• **Recorded information**
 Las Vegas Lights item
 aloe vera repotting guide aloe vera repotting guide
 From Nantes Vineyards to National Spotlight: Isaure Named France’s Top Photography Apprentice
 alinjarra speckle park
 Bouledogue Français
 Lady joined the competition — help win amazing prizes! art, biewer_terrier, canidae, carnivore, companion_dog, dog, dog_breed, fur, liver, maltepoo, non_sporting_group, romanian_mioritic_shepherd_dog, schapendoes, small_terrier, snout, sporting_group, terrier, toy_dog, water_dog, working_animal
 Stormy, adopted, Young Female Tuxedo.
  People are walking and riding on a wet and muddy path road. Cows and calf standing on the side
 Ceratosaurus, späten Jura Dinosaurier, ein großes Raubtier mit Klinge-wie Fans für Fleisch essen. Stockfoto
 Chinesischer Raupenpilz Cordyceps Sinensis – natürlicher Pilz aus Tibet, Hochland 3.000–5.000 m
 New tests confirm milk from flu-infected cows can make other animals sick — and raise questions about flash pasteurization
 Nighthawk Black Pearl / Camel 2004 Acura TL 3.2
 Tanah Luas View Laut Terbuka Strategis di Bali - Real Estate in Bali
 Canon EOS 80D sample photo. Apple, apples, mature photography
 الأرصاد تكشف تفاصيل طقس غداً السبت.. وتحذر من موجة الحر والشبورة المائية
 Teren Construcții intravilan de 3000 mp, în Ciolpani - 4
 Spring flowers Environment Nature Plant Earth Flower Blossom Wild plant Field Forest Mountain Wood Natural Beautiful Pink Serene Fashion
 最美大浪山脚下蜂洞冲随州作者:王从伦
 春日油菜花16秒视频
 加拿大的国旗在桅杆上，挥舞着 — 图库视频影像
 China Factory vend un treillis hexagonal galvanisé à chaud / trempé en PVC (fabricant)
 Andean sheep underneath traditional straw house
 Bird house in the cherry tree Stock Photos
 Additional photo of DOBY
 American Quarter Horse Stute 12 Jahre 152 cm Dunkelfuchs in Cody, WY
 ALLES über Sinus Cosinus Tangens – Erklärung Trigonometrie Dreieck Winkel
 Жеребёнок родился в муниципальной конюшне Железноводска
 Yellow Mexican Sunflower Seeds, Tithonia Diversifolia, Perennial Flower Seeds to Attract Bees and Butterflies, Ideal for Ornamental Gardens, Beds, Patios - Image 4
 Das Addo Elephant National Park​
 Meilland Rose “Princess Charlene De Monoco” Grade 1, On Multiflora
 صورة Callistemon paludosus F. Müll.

• **Task statement**
Starting at the line above that holds "Nighthawk Black Pearl" and ending at the line that holds "ALLES über Sinus", transcribe each line exactly and include no other lines.

• **Result for this task**
 Nighthawk Black Pearl / Camel 2004 Acura TL 3.2
 Tanah Luas View Laut Terbuka Strategis di Bali - Real Estate in Bali
 Canon EOS 80D sample photo. Apple, apples, mature photography
 الأرصاد تكشف تفاصيل طقس غداً السبت.. وتحذر من موجة الحر والشبورة المائية
 Teren Construcții intravilan de 3000 mp, în Ciolpani - 4
 Spring flowers Environment Nature Plant Earth Flower Blossom Wild plant Field Forest Mountain Wood Natural Beautiful Pink Serene Fashion
 最美大浪山脚下蜂洞冲随州作者:王从伦
 春日油菜花16秒视频
 加拿大的国旗在桅杆上，挥舞着 — 图库视频影像
 China Factory vend un treillis hexagonal galvanisé à chaud / trempé en PVC (fabricant)
 Andean sheep underneath traditional straw house
 Bird house in the cherry tree Stock Photos
 Additional photo of DOBY
 American Quarter Horse Stute 12 Jahre 152 cm Dunkelfuchs in Cody, WY
 ALLES über Sinus Cosinus Tangens – Erklärung Trigonometrie Dreieck Winkel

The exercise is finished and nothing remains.